Two lines in the listing below mark the span: one contains "G♯ Augmented 9th" and one contains "UPSC and state". Reproduce both of them and everything between, exactly.

(Data listing)

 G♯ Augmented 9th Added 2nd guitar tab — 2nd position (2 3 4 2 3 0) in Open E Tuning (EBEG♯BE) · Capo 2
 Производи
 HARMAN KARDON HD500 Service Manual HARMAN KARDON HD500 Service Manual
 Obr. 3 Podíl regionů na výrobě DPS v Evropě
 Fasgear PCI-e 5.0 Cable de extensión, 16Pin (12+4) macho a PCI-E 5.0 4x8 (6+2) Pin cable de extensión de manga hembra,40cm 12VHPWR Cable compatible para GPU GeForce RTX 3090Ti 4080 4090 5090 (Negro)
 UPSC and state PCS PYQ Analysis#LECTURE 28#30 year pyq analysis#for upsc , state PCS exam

(End Data listing)
(Data listing)

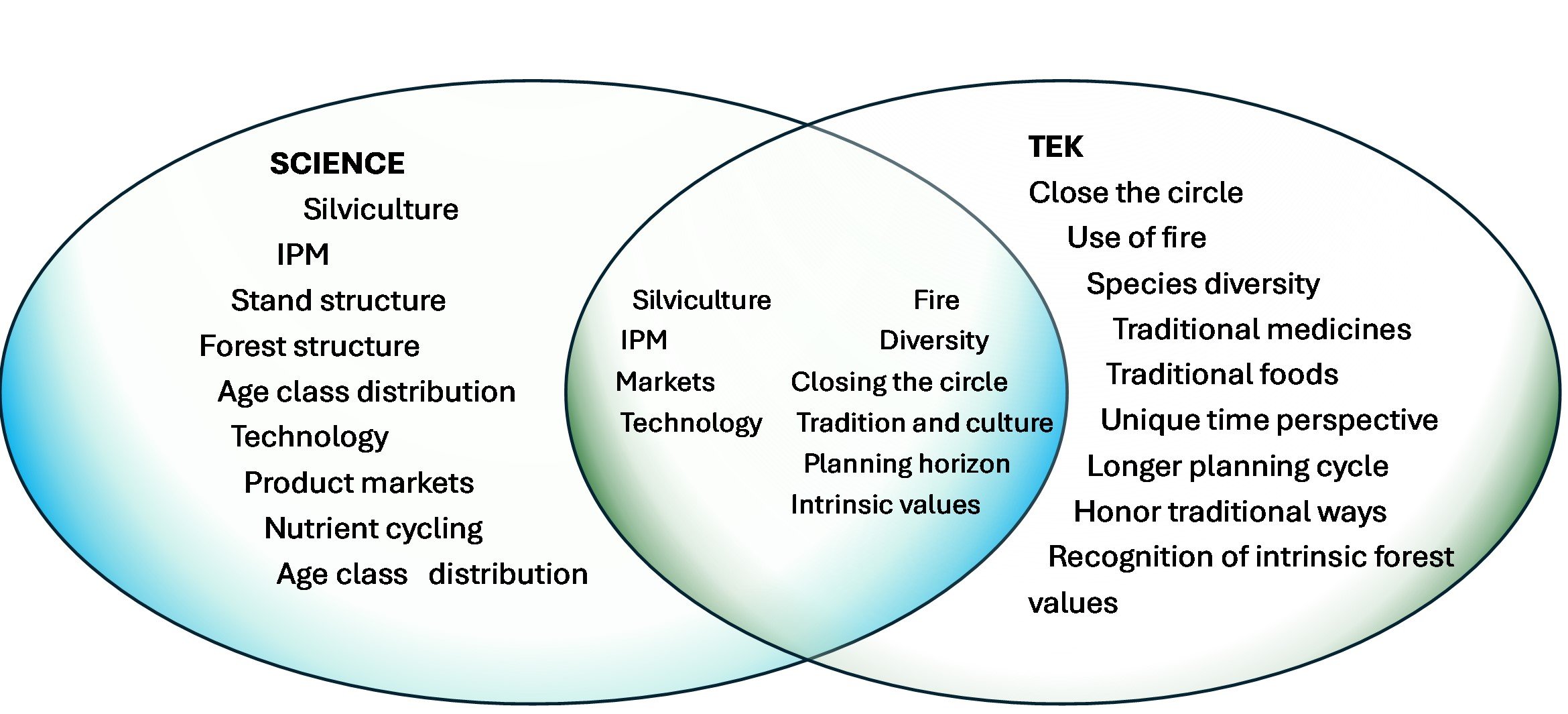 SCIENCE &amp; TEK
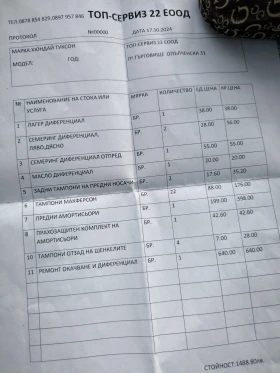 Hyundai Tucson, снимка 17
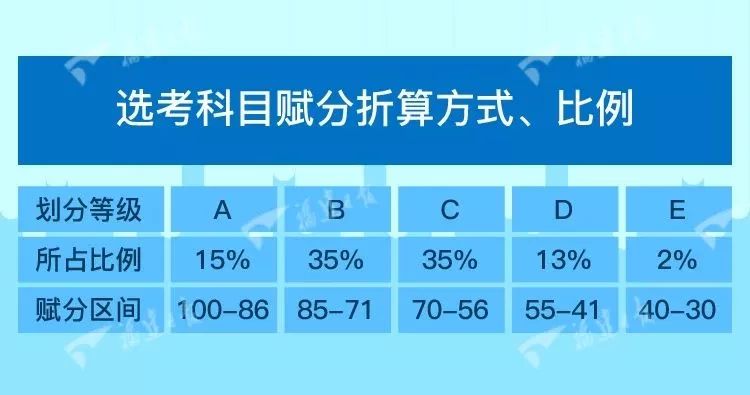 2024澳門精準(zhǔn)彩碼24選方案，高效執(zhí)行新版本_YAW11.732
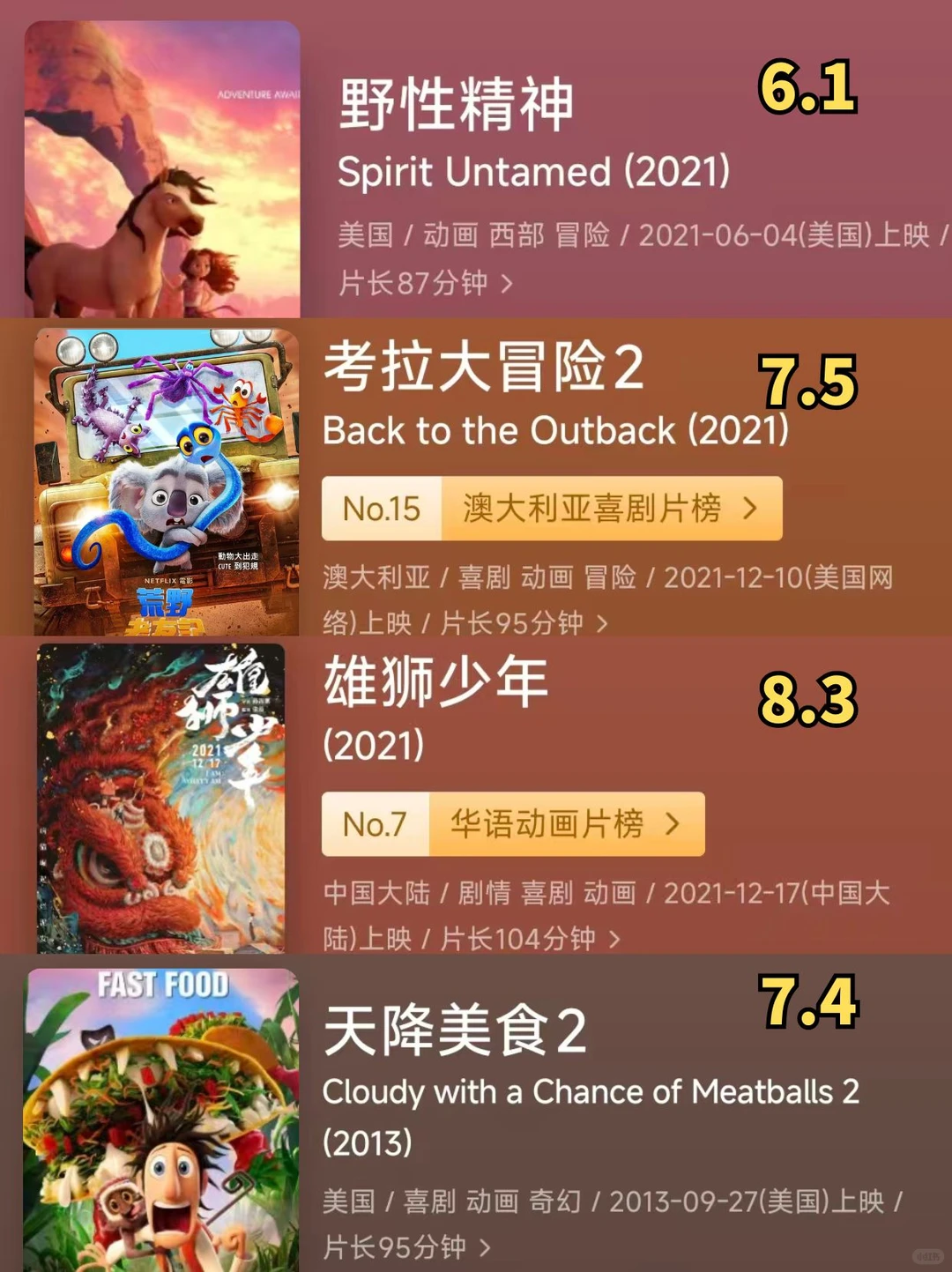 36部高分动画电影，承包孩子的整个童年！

(End Data listing)

> _Exercise solution_
 G♯ Augmented 9th Added 2nd guitar tab — 2nd position (2 3 4 2 3 0) in Open E Tuning (EBEG♯BE) · Capo 2
 Производи
 HARMAN KARDON HD500 Service Manual HARMAN KARDON HD500 Service Manual
 Obr. 3 Podíl regionů na výrobě DPS v Evropě
 Fasgear PCI-e 5.0 Cable de extensión, 16Pin (12+4) macho a PCI-E 5.0 4x8 (6+2) Pin cable de extensión de manga hembra,40cm 12VHPWR Cable compatible para GPU GeForce RTX 3090Ti 4080 4090 5090 (Negro)
 UPSC and state PCS PYQ Analysis#LECTURE 28#30 year pyq analysis#for upsc , state PCS exam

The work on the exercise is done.